P. Lapousterle : Si le conflit en arrivait au point où le RPR et le Gouvernement maintenant leur projet en l’état, est-ce que vous voteriez contre ce projet ?

A. Rossinot : Nous aurons des amendements, on verra bien.

P. Lapousterle : S’ils étaient refusés ?

A. Rossinot : A partir du moment où on est battu démocratiquement au sein du Parlement… Mais ce qui me paraît important et que nous avons obtenu, c’est qu’il y ait un vrai débat devant le Parlement sur ce jet.

P. Lapousterle : Alors, l’UDF, votre formation, s’est quand même terriblement divisée aux yeux de l’opinion public au moment des élections municipales de Vitrolles ?

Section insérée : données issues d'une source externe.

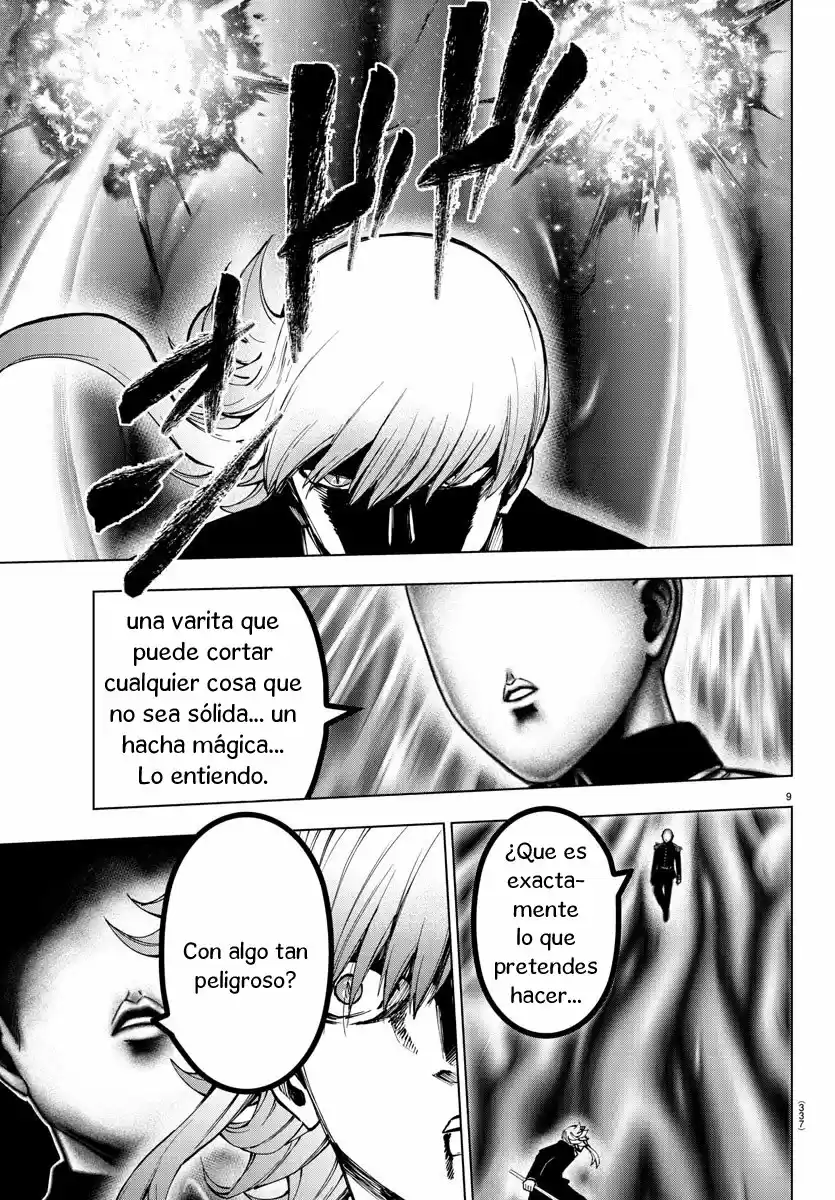 Mahou Shoujo Tokushuusen Asuka - Capítulo 128 - Página 10 - LectorTMOo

A. Rossinot : Tout le monde a été mauvais. Le Parti socialiste, l’UDF et le RPR parce que nous n’avions pas un bon candidat et que le score n’était pas suffisant. La tactique du deuxième tout a connu des oscillations. Mais qui, aujourd’hui, à la meilleure tactique pour le deuxième tour contre le Front national ? Ce qui veut dire qu’il faut se battre avec une vigueur sans faille contre le Front national et il faut partout les meilleurs candidats. J.-M. Le Pen est à Strasbourg pour son congrès au moment de Pâques, l’UDF et le RPR se manifesteront quelques jours avant, en Alsace ; le Parti radical, lui, sera au Parlement à Strasbourg sur le thème : "Patriotes, donc Européens", je ne souhaite pas que nous laissions le champ de l’Europe à J.-M. Le Pen parce que l’Europe est la chance des nations et les nations sont quelque part l’âme de l’Europe. Il faut aujourd’hui, pied à pied, proposer le drapeau, le bleu blanc route, la nation, la patrie, l’Europe. Ce sont aussi l’âme et la fierté des républicains et des radicaux en tout cas.

P. Lapousterle : Pour les élections prochaines de 1998, il y aura quand même apparemment 200 circonscriptions où le Front national sera en mesure de se maintenir au deuxième tour avec parfois des chances d’empêcher le candidat de la majorité de passer, que faire ?

A. Rossinot : Il faudra, au cas par cas, avoir une attitude républicaine. Le vrai débat, c’est bien sur l’attitude républicaine au deuxième tour mais le vrai débat pour la majorité aujourd’hui, c’est apprendre à se battre sur deux fronts, c’est-à-dire s’opposer violemment sur les principes et les idées au Front national, et puis une situation de compétition très vive avec le Parti socialiste.

P. Lapousterle : On peut gagner avec deux fronts ?

A. Rossinot : On peut gagner avec deux fronts parce que c’est là le cœur de cible. C’est le bon sens entre l’extrême-droite que l’on récuse et le Parti socialiste qui n’a rien à proposer.